I’m extremely delighted and grateful for the guidance I’ve received here, on https://precice.discourse.group/t/does-the-executable-binary-file-of-calculix-support-running-on-a-slurm-cluster-via-mpi/2336/6 and on the CCX forum: https://calculix.discourse.group/t/can-calculix-run-across-multiple-nodes/1316/6. Thank you all for your help. Below, I’ve summarized my situation and outlined my next steps.
Goal
I aim to transition from running my simulation on a 6-core CPU on my PC to an HPC system with 128-core nodes, targeting at least a 10x speed-up (using 20+ times more cores). However, so far, I’ve only achieved a 1x to 4x speed-up.
Case Details
I’m running a steady-state Conjugate Heat Transfer (CHT) case with radiation, involving one fluid and one solid participant. The coupling is handled using parallel-implicit mode with the same preCICE configuration as in the heat-exchanger tutorial.
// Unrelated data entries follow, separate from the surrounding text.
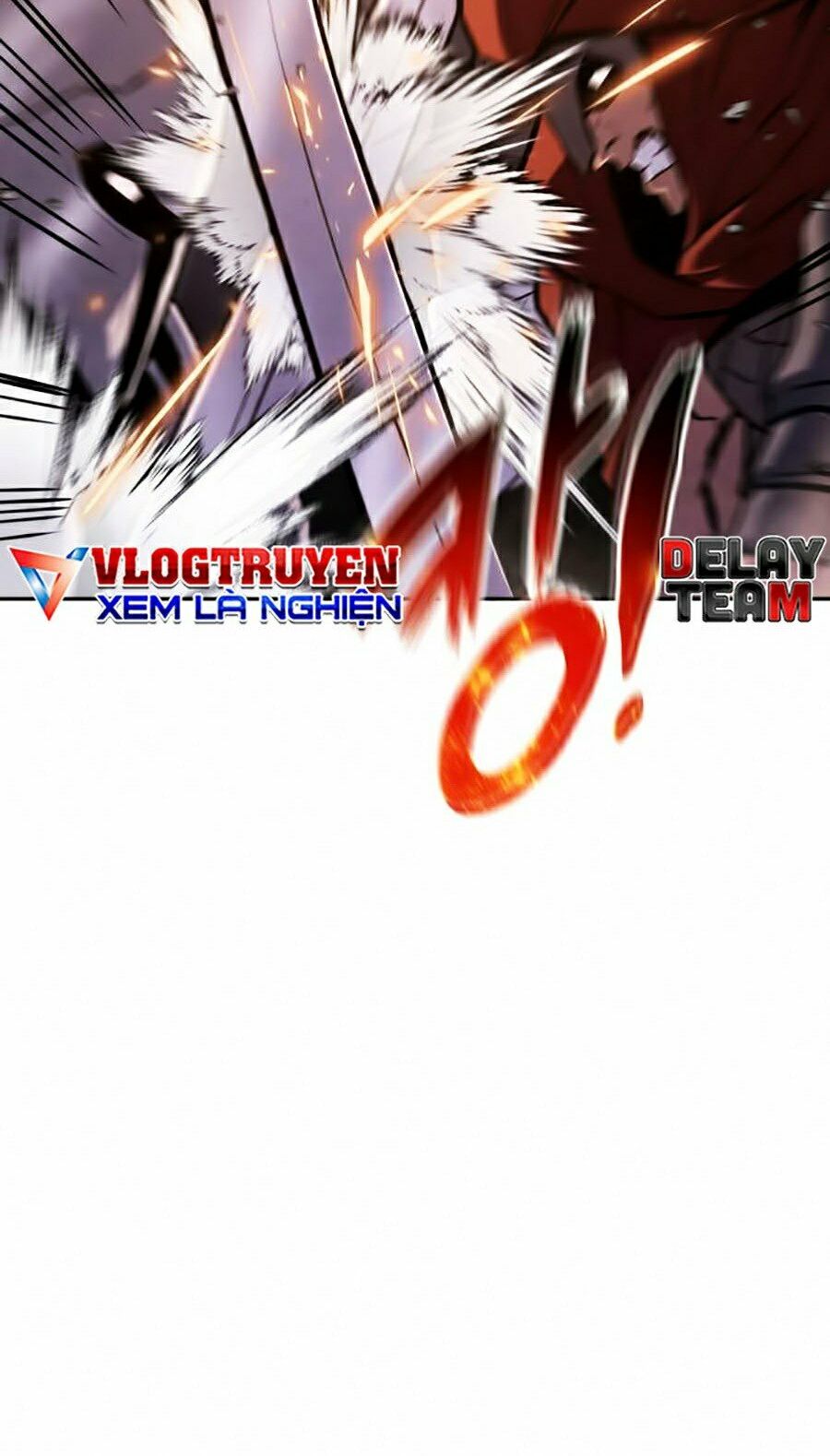 huyền thoại game thủ - tái xuất chapter 29 71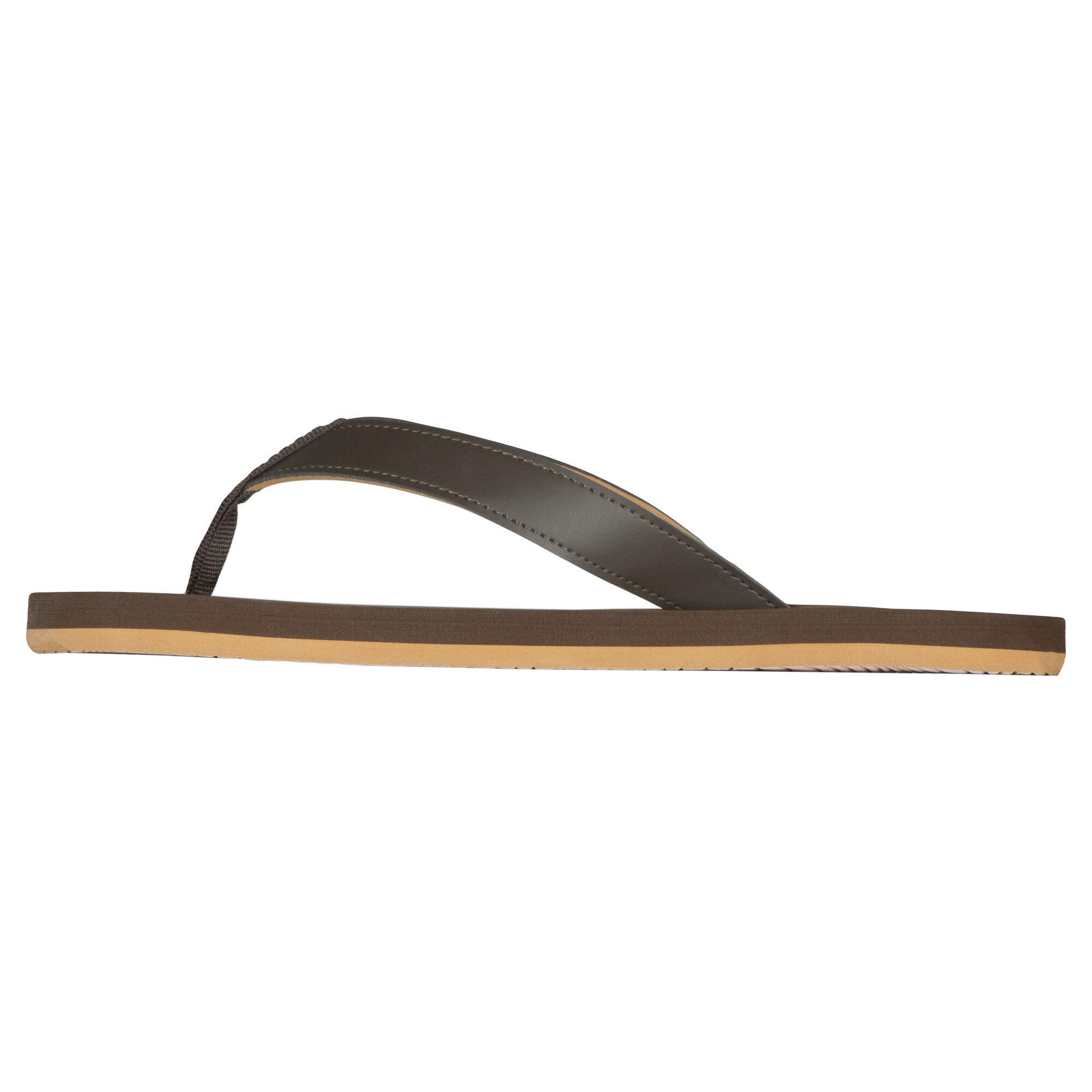 flip flops under 150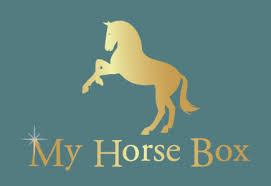 Maybe you would like to learn more about one of these? My Horse Box The Uk S Original Luxury Equestrian Subscription Box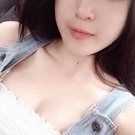 ˵DHɮ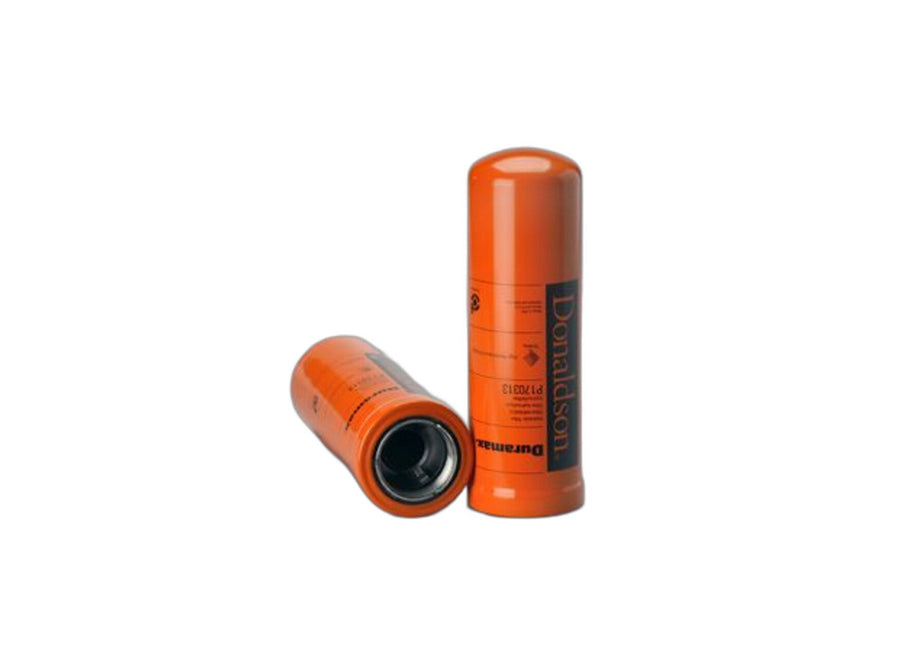 Original Donaldson Wechselfilter SpinOn DuraMax P170313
For radiation modeling, I have two options:
- fvDOM in OpenFOAM: After 4–5 timesteps, coupling iterations per timestep drop to 1 (almost like explicit coupling).
- Cavity radiation in CCX: Requires ~10 coupling iterations per timestep but provides more reliable results.
Performance on HPC
- On my PC (6 cores), the case runs successfully.
- On HPC (128-core nodes), I expected a 10x speed-up when using 1–2 nodes (20–40x more cores).
- However, results show:
- fvDOM in OpenFOAM: ~4x speed-up.
- Cavity radiation in CCX: <2x speed-up, despite a 20x increase in core count.
From OpenFOAM’s executionTime output, I see that OpenFOAM scales well (tested up to 100 cores). However, the overall simulation time does not decrease significantly, suggesting an issue with CCX or coupling.
My assuptions
- If CCX is correctly configured (with Spooles, Pardiso, or PaStiX and a proper Slurm script), it should scale reasonably well up to ~100 cores in a single node using OpenMP, rather than just 4–8 cores.
- If this is true, the issue could be:
- A bad Slurm script
- The need to switch solvers (from Spooles to Pardiso/PaStiX)
Next Steps
- Enable deeper profiling via adding lines to
precice-config.xml
as @fsimonis suggested, to track communication and CCX execution time. - Fix the Slurm script: Run CCX on a single node and OpenFOAM on another, avoiding synchronization issues. (hopefully I can fix the problem where simulation stuck at participants waiting for each other)
- Install PaStiX (Spack installation available).
- Install Pardiso.
- Test different CPU allocations and solvers (Spooles, Pardiso, PaStiX) on the HPC and compare performance results.
I have limited experience with HPC installations, Slurm scripts, and hostfiles, and I also have other responsibilities, so progress might be slow. However, I will share my findings here as I move forward.
Meanwhile, if anyone with experience in CCX on HPC has additional insight to share, I would greatly appreciate it.
Kind regards,
Umut